Because email was written with cryptd, the encrypted form of a given address is stable, so you can match it directly. The parameter is encrypted deterministically and compared against the stored ciphertext — Postgres does an ordinary string equality:

val byEmail: Query[String, BigDecimal] =
  sql"SELECT balance FROM customers WHERE email = ${cryptd.text}".query(crypt.numeric)

// you pass the plaintext; skunk-crypt encrypts it to the same ciphertext that's stored
session.execute(byEmail)("alice@example.com")

This is the payoff of deterministic mode, and it composes with a real performance win: the deterministic ciphertext is stored as exact TEXT, so an ordinary B-tree index on the column makes the lookup fast.

CREATE INDEX customers_email_idx ON customers (email);

The index is over ciphertext, but since equal plaintext means equal ciphertext, an equality probe lands right on it. (Indexing a crypt column is pointless — every row's ciphertext differs, so nothing ever matches.)

What you cannot do on any encrypted column:

LIKE / prefix / substring search — the ciphertext bears no resemblance to the plaintext.
Range queries (age > 18, created_at BETWEEN …) or ORDER BY — ordering is destroyed by encryption.
Server-side arithmetic, SUM, GROUP BY on the value, etc.

If you need those, the column probably can't be encrypted at rest this way — or you keep a separate, coarse, non-sensitive column to filter on (e.g. an unencrypted age_band) and encrypt the precise value.

Supported types

Both crypt and cryptd expose the same codec set, so the search/no-search choice is orthogonal to the column's type:

Codec	Scala type
`text`	`String`
`int2`	`Short`
`int4`	`Int`
`int8`	`Long`
`float4`	`Float`
`float8`	`Double`
`bool`	`Boolean`
`uuid`	`java.util.UUID`
`numeric`	`BigDecimal`
`date`	`java.time.LocalDate`
`timestamp`	`java.time.LocalDateTime`
`timestamptz`	`java.time.OffsetDateTime`

Key rotation

Security policies (and auditors) eventually ask you to rotate keys. skunk-crypt builds this in: keysFromHex accepts several keys. Encryption always uses the last one, and the index of the key used is embedded in each stored value — so older keys keep decrypting the rows they originally encrypted.

// new key encrypts; both keys still decrypt
given CryptContext =
  CryptContext.keysFromHex(oldKeyHex, newKeyHex).fold(sys.error, identity)

The mechanics:

Append the new key. New writes use it (key index 1); existing rows still carry index 0 and decrypt with the old key.
Over time — lazily, or in a batch job — re-encrypt old rows by reading and writing them back. Each rewrite re-encrypts with the newest key.
Once every row is on the new key, you could drop the old one.

⚠️ Only ever append keys. Never reorder or remove them. The key index is stored inside each row. Reorder the list and every existing row now points at the wrong key; remove a key still in use and those rows become undecryptable. Append-only is the whole contract.

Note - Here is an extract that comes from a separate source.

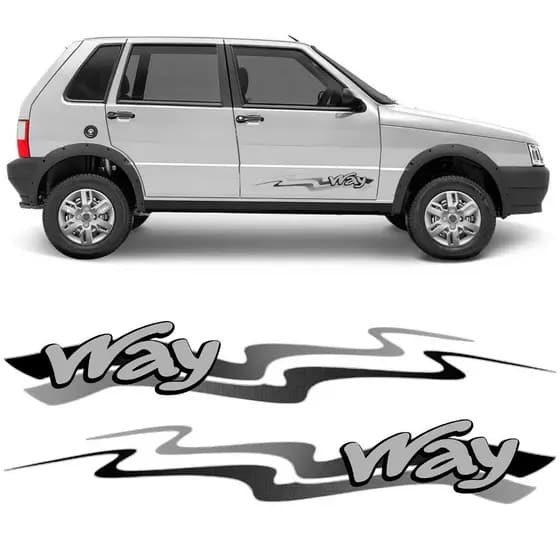 Kit 2 Adesivo Autocolante Uno Way 2013 2014 13 14 Cinza Porta Lateral Colante Sticker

The rotation gotcha for `cryptd` columns

Here's the sharp edge that the happy-path docs gloss over, and it's worth stopping on. A cryptd column's ciphertext depends on the encryption key, because the synthetic IV is derived from the plaintext using the last key. So the moment you append a rotation key:

Old rows still decrypt fine (their key index is embedded). Reading is unaffected.
But a fresh WHERE email = ${cryptd.text} lookup now encrypts the parameter with the new key — producing a different ciphertext than the one stored under the old key. The equality match silently misses the old rows.

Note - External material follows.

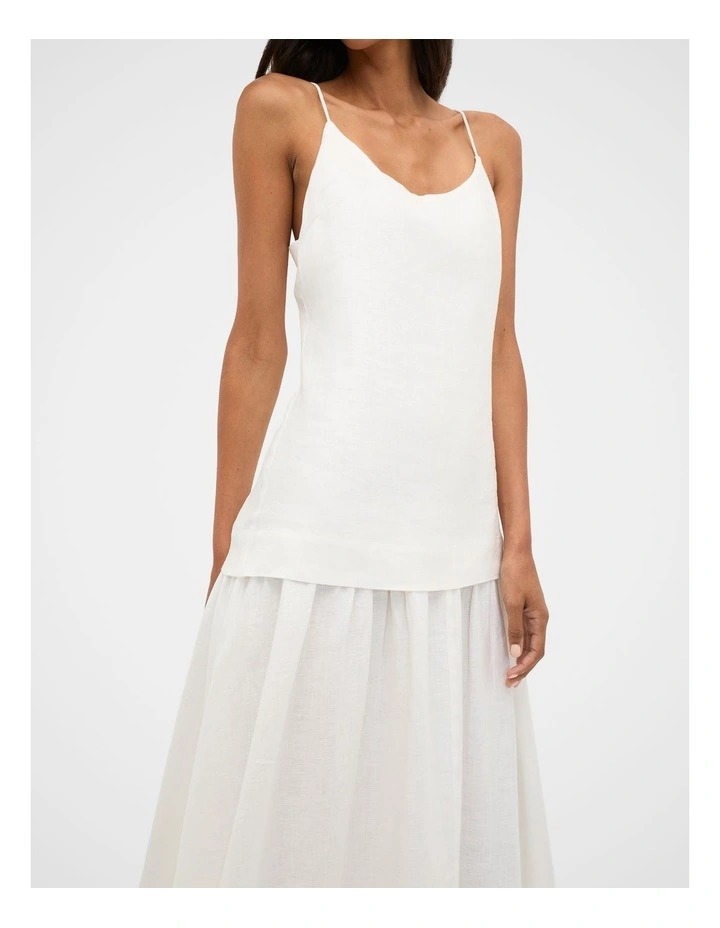Linen Drop Waist Maxi Dress in Whisper White image 4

In other words: rotating a key doesn't just change new writes, it temporarily breaks search over deterministic columns that haven't been re-encrypted yet. The fix is to re-encrypt those columns promptly after rotation rather than lazily:

// Re-encrypt every customer's deterministic columns onto the newest key.
// Reading decrypts with whatever key the row used; writing re-encrypts with the latest.
val reencrypt: IO[Unit] =
  session.use: s =>
    for
      rows <- s.execute(sql"SELECT id, email FROM customers".query(cryptd.uuid ~ cryptd.text))
      _    <- rows.traverse_ { case id ~ email =>
                s.execute(
                  sql"UPDATE customers SET email = ${cryptd.text} WHERE id = ${cryptd.uuid}".command
                )((email, id))
              }
    yield ()

For crypt (non-deterministic) columns this never bites, because you never search them — lazy re-encryption is perfectly fine there. It's specifically the searchable columns that need an eager rewrite.

Error handling

Two failure modes are typed, and both surface through Skunk's normal codec path.

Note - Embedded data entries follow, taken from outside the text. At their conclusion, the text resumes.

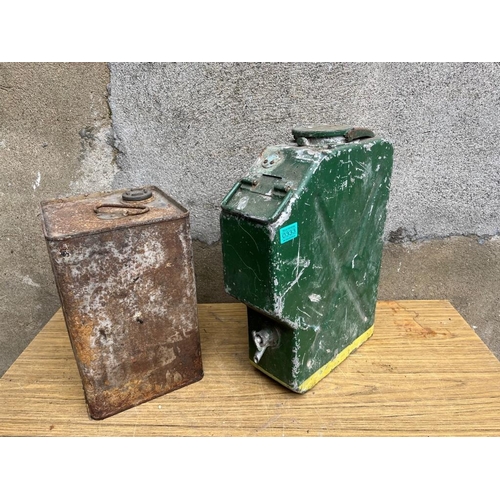 333 - Vintage Jerry can and another. {37 cm W x 52 cm H x 12 cm D}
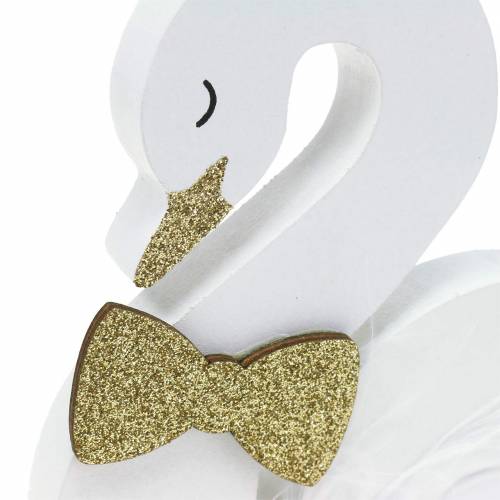 Article Cygnes décoratifs mariage bois blanc or 12x13cm 2 pcs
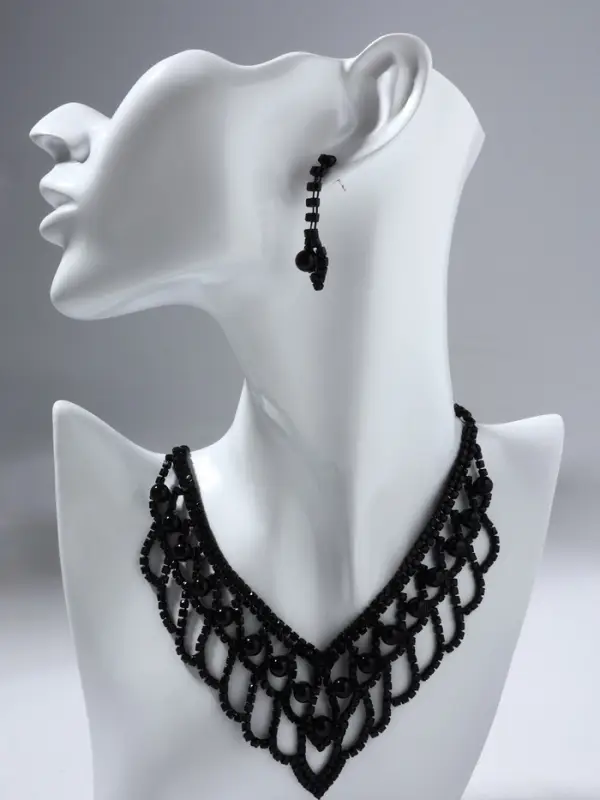 Набор 2 предмета: серьги, колье &laquo;Вернисаж&raquo;, шарики, чёрный, 30 см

Bad key — caught at construction. keysFromHex returns Either[String, CryptContext], with the reason (and the offending key's index, for multi-key lists). A bad key can't reach a query.

Bad ciphertext — caught at decode. Decryption raises a CryptError (a RuntimeException subtype, so it propagates like any decode failure):

Error	Meaning
`MalformedCiphertext`	The stored value isn't `iv.keyIndex.data` — e.g. legacy plaintext
`DecryptionFailure`	Wrong key, unknown key index, or a failed GCM authentication tag

MalformedCiphertext is the one you'll meet first in real life: it's what you get when an existing, unencrypted column still holds plaintext and you point an encrypted codec at it. That's your signal to run a one-time migration — read each row with the plain Skunk codec, write it back with the encrypted codec — before switching reads over.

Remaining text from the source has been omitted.